• [RECORDS TO USE]
********************

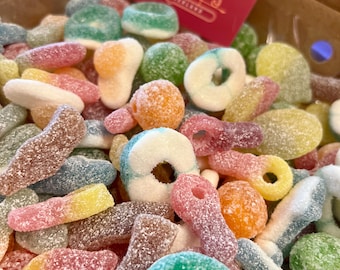 May include: A box filled with a colorful assortment of sugared gummy candies. The candies are in various shapes, including rings, worms, and fruit slices, and in colors like green, orange, yellow, and pink. A red card with the text "Confectioners" is in the box.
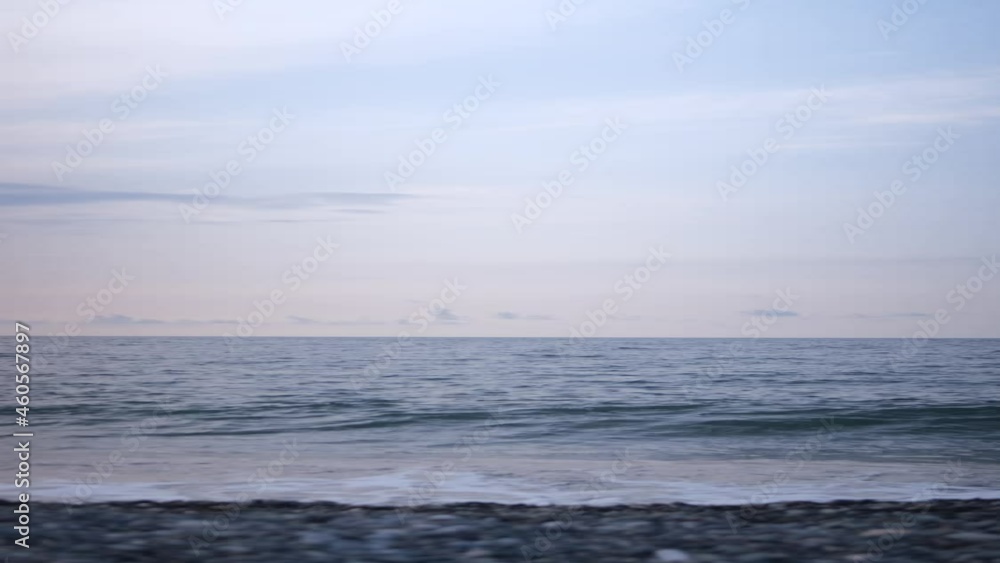 vertical video. Big waves passes in calm ocean along the west coast of Norway. Pebbles small stones. vertical video. Big waves passes in calm ocean along the west coast of Norway. Pebbles small stones.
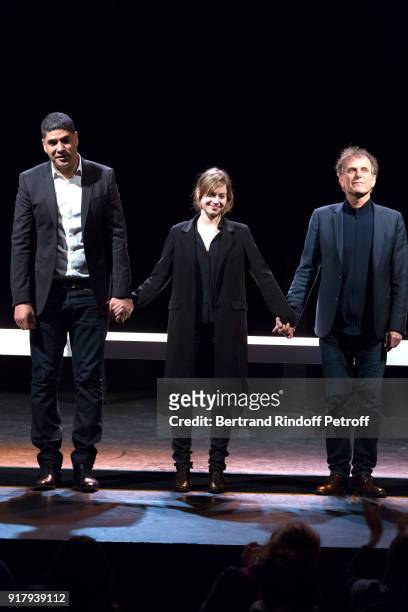 Autor of the Piece, Rachid Benzine, actors of the Piece; Lou de Laage and Charles Berling acknowledge the applause of the audience at the end of the...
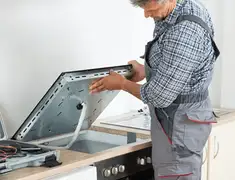 Appliance repair technician installing a built-in cooktop in Little Rock, AR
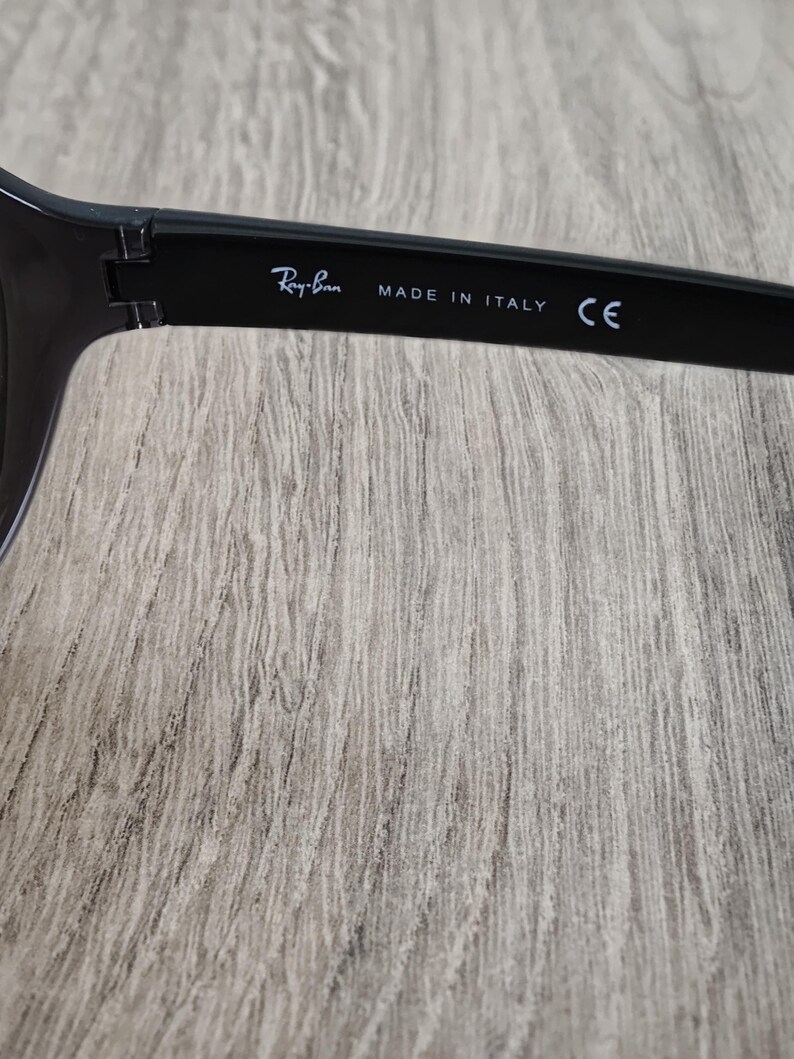 Puede incluir: Primer plano de la patilla de unas gafas de sol negras. El texto "Ray-Ban" est&aacute; impreso en blanco, junto con "MADE IN ITALY" y "CE". Las gafas de sol est&aacute;n sobre un fondo claro de vetas de madera.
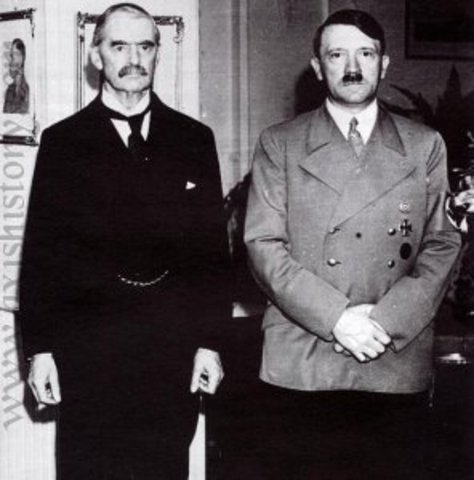Britain’s Neville Chambelin and Hitler meet at the Munich Conference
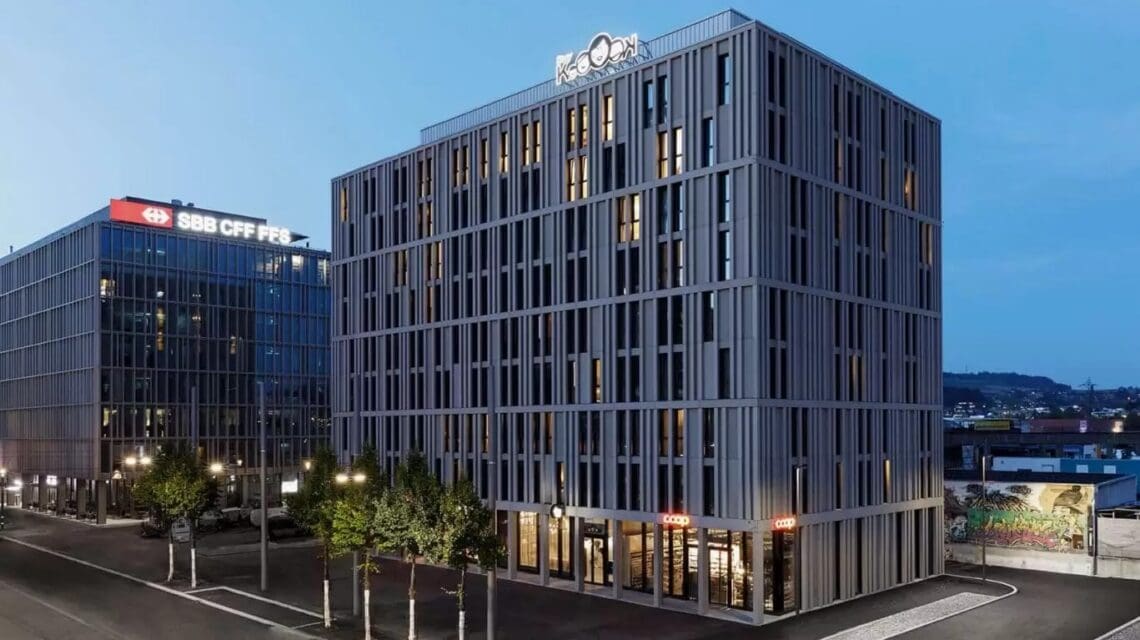 Modern multi-story building at dusk with vertical lines and large windows, flanked by another tall structure. Streetlights illuminate the area below.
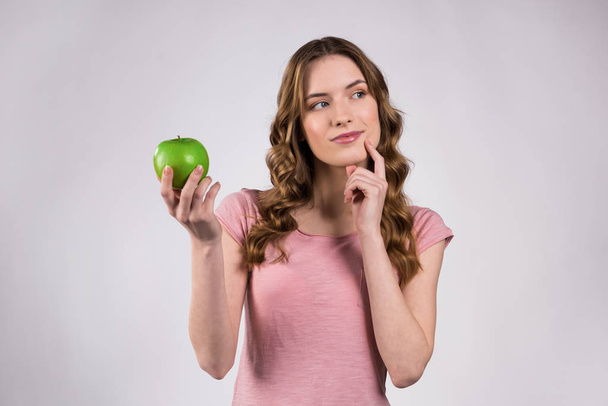 Girl playfully holding green apple isolated. - Zdjęcie, obraz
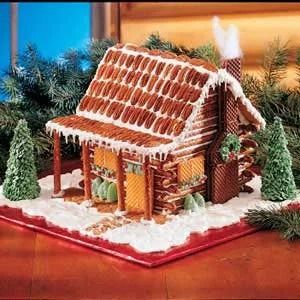 Pretzel Log Cabin Recipe: How to Make It Pretzel Rod Log Cabin, Log Gingerbread House Ideas, Gingerbread House Pretzels, Pretzel Gingerbread House Log Cabins, Gingerbread House Ideas Log Cabin, Pretzel Cabin Christmas, Pretzel House Log Cabins, Pretzel Log Cabin Christmas, Gingerbread House Log Cabin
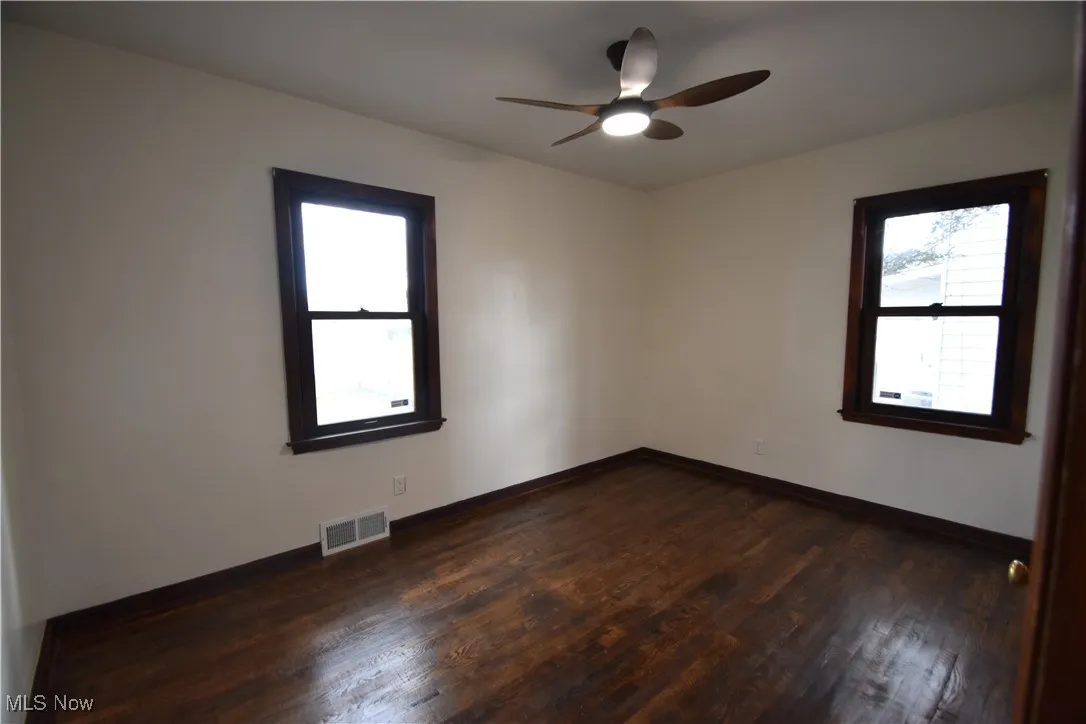 Bedroom featuring dark wood-style flooring and ceiling fan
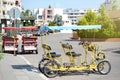 Four-wheeled bicycle outdoors on sunny day, space for text Royalty Free Stock Photo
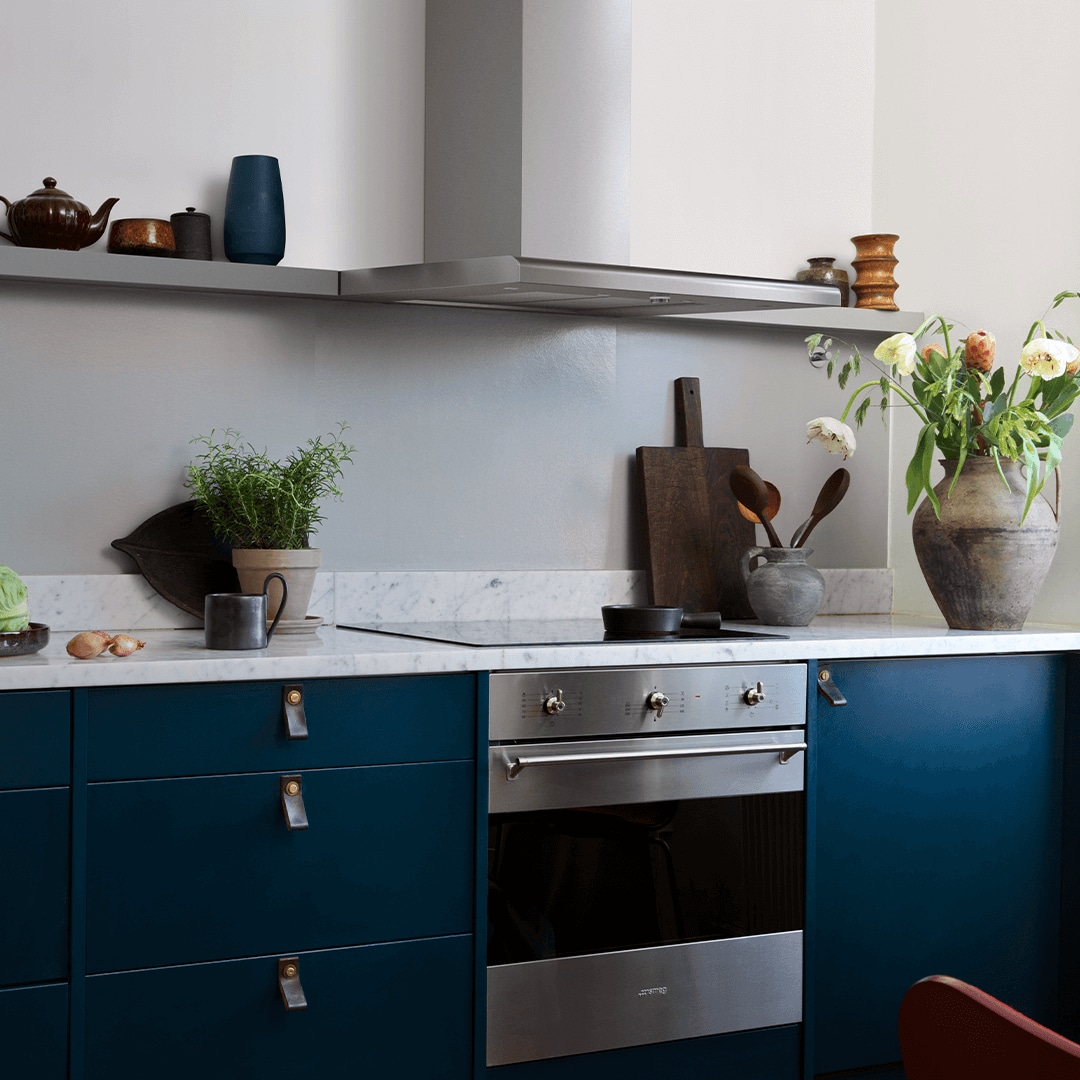 Vägghängda köksfläkten Intro i rostfritt utförande i minimalistisk köksmiljö med luckor som skapar kontrast.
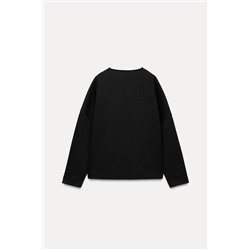 INTERLOCK V-NECK TOP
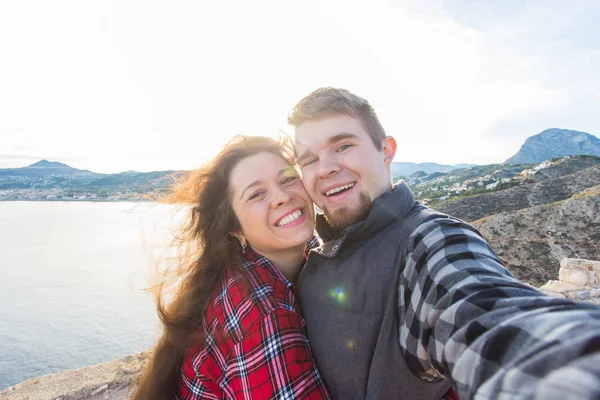 Koncepcja podróży, wakacji i wczasów - para piękny posiadające zabawy, biorąc selfie, szalony twarze emocjonalne i śmiejąc się. — Zdjęcie stockowe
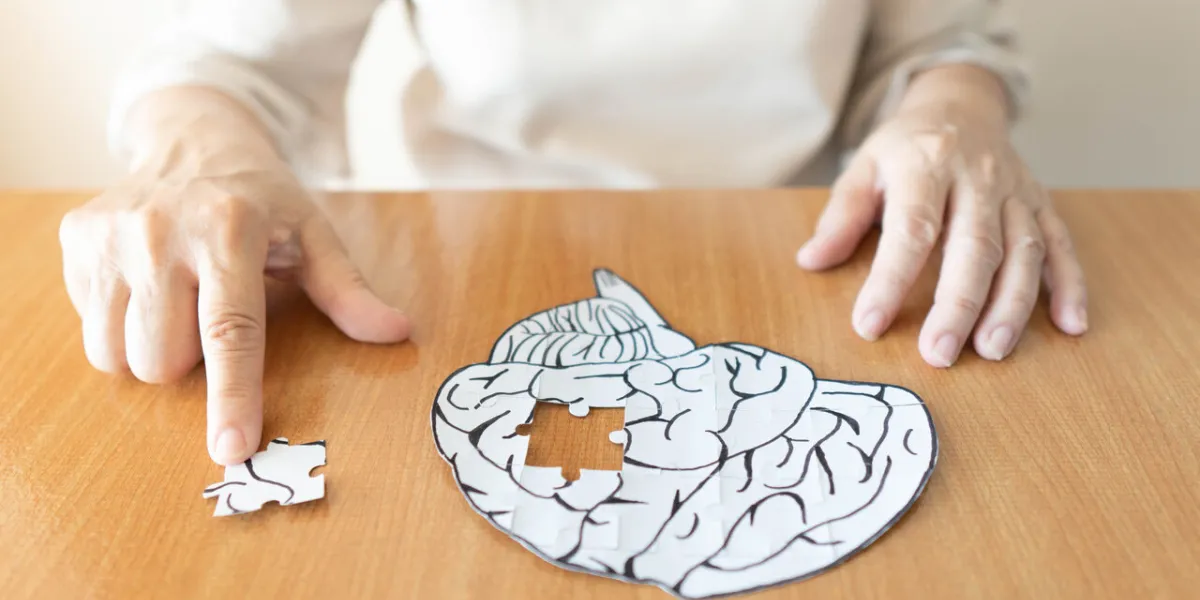 elderly woman hands putting missing white jigsaw puzzle piece down into the place as a human brain shape creative idea for memory loss, dementia, alzheimer's disease and mental health concept
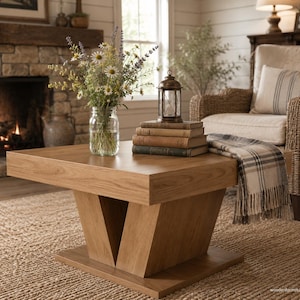 May include: A square wooden coffee table with a thick top and a V-shaped pedestal base. On the table sits a clear glass jar filled with wildflowers, a small metal lantern, and a stack of three vintage books with a plaid throw blanket draped over.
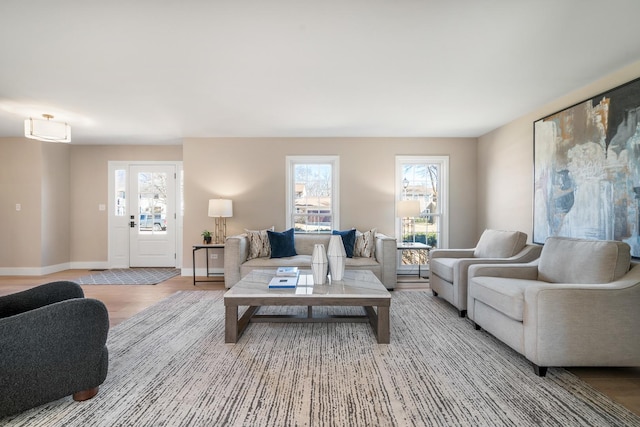 living area featuring baseboards, light wood-type flooring, and a healthy amount of sunlight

********************

Skip the pictures and retype exactly the lines from the one that contains "INTERLOCK V-NECK TOP" to the last line of the records.

• [REPLY]
 INTERLOCK V-NECK TOP
 Koncepcja podróży, wakacji i wczasów - para piękny posiadające zabawy, biorąc selfie, szalony twarze emocjonalne i śmiejąc się. — Zdjęcie stockowe
 elderly woman hands putting missing white jigsaw puzzle piece down into the place as a human brain shape creative idea for memory loss, dementia, alzheimer's disease and mental health concept
 May include: A square wooden coffee table with a thick top and a V-shaped pedestal base. On the table sits a clear glass jar filled with wildflowers, a small metal lantern, and a stack of three vintage books with a plaid throw blanket draped over.
 living area featuring baseboards, light wood-type flooring, and a healthy amount of sunlight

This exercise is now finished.